To build on Jean- Marc's point, one thing I raised at the HOT Summit and also 
recently to the London Missing Maps team is the need to tackle the errors at 
the source. Having validators is vital, but I believe we can improve the 
initial mapping through a few tweaks in the way new mappers are trained.

Personally, what I believe would be really powerful is the creation of a way 
for new mappers to understand the importance of high quality mapping.

For instance, if it were possible within ID Editor to not only highlight 
overlapping buildings but ALSO explain why overlapping buildings have an 
impact, then people would be able to relate and therefore change their 
behaviours.

For example, the tool could highlight that overlapping buildings can result in 
inaccurate population density calculations which can have an impact on 
humanitarian response (see previous messages from Pierre Belland's HOT mailing 
list post on the DRC as a case study). If we can explain this to people in a 
compelling way, I believe the quality of the mapping would improve.

If something could be built within the current tool set (e.g. embedded 
text/video within ID validation) this should hopefully ensure consistency.

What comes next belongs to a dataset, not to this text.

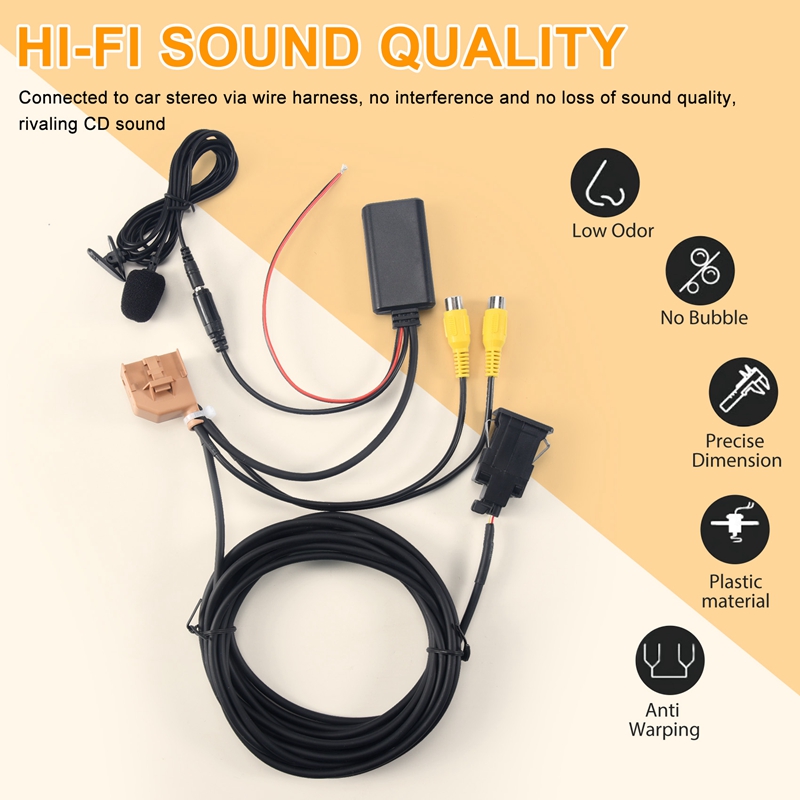 12V MMI 2G Auto Bluetooth Cavo - Audio Music Only recensione e prezzo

Combining such tweaks with real-time monitoring tools, such as Bjoern suggests, 
should improve quality at mapathons.

Essentially, people attend Missing Maps mapathons to contribute to a worthy 
cause. People wish to map the best they can, so if more (and consistent) 
support is offered, the quality will improve.

Thanks

Steve
________________________________
From: Jean-Marc Liotier <j...@liotier.org>
Sent: 12 December 2018 22:30
To: t...@openstreetmap.org; hot@openstreetmap.org
Subject: Re: [HOT] Quality (was: The point on the OSM Response to the DR Congo 
Nord Kivu Ebola outbreak)

On 12/12/18 2:16 AM, Ralph Aytoun wrote:

I am also concerned about the quality of the mapping that is tying up projects 
because it takes up so much validation time. [..]

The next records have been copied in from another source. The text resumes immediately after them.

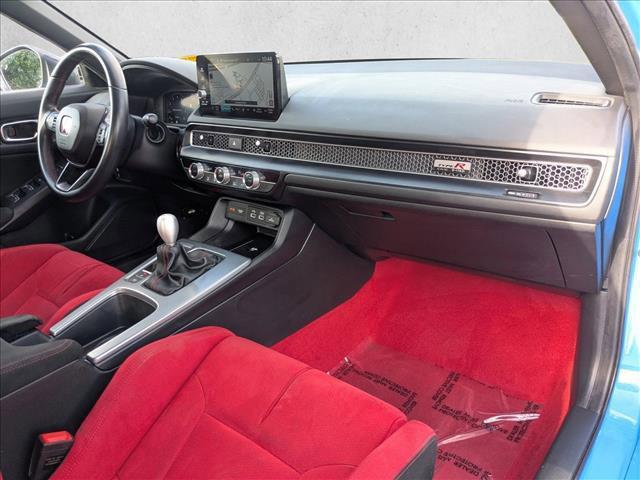 used 2024 Honda Civic Type R car, priced at $39,698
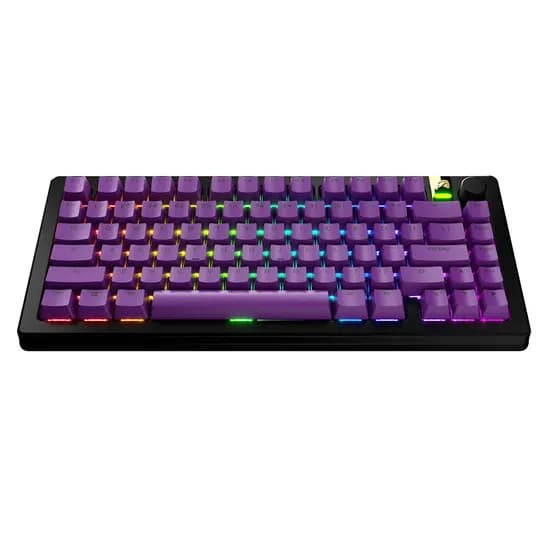 글로리어스 GPBT Basics Epic Purple 키캡 세트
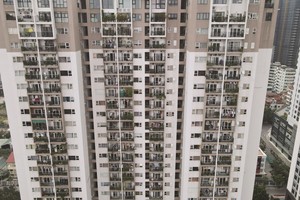 Nhu cầu nhà ở tại những đô thị lớn như Hà Nội luôn rất cao. Ảnh: Dũng Minh.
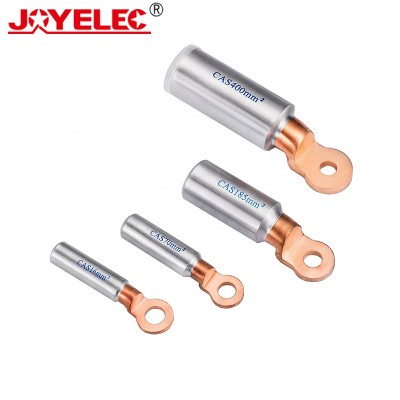 DTL Series Copper-Aluminium Connecting Terminals Bimetallic Compression Lug Cu-Al Wire Terminal Connector DTL2-16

This perception is (don't take it personally - I answer your message but I'm 
not singling you out) a symptom of a widespread problem: quality perceived as a 
separate activity, an extra cost tacked on the actual productive work.

Considering the quality assurance process as a distinct set of activities has 
the very unfortunate effect of creating an unnecessary conflict with production.

So:
- Start with a clearly defined objective quality goal, just adequate for the 
planned purpose of the data
- Teach contributors that not meeting this goal is worse than doing nothing: 
negative value
- Monitor contributions in real time, to catch deviations before they 
snowball... I love Bjoern's idea, though OSMCHA works for me
- Reiterate !

Quality is the essence of the whole activity, not a distinct step.

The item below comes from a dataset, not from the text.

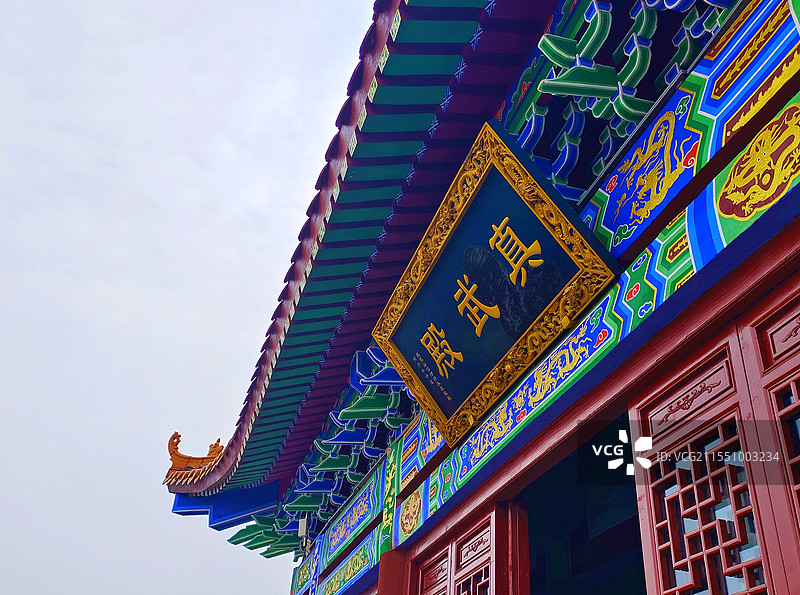 真武殿图片素材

Yes, it spoils the fun for new contributors thrilled to start mapping away and 
see their gamified metrics take off spectacularly in a rain of digital 
achievement awards. But it also helps them make sense of what they are doing 
instead of launching them on an open ended trip with a hazy purpose - and what 
is better than to find meaning in a task ?

Normative leadership may feel incompatible with a flat collaborative forum such 
as Openstreetmap, but it makes sense within a directed project with a declared 
purpose, to which contributors voluntarily participate. If they trust the 
project leadership enough to join as contributors, they may expect the 
normative guidance and even be disappointed not to feel it from the leadership.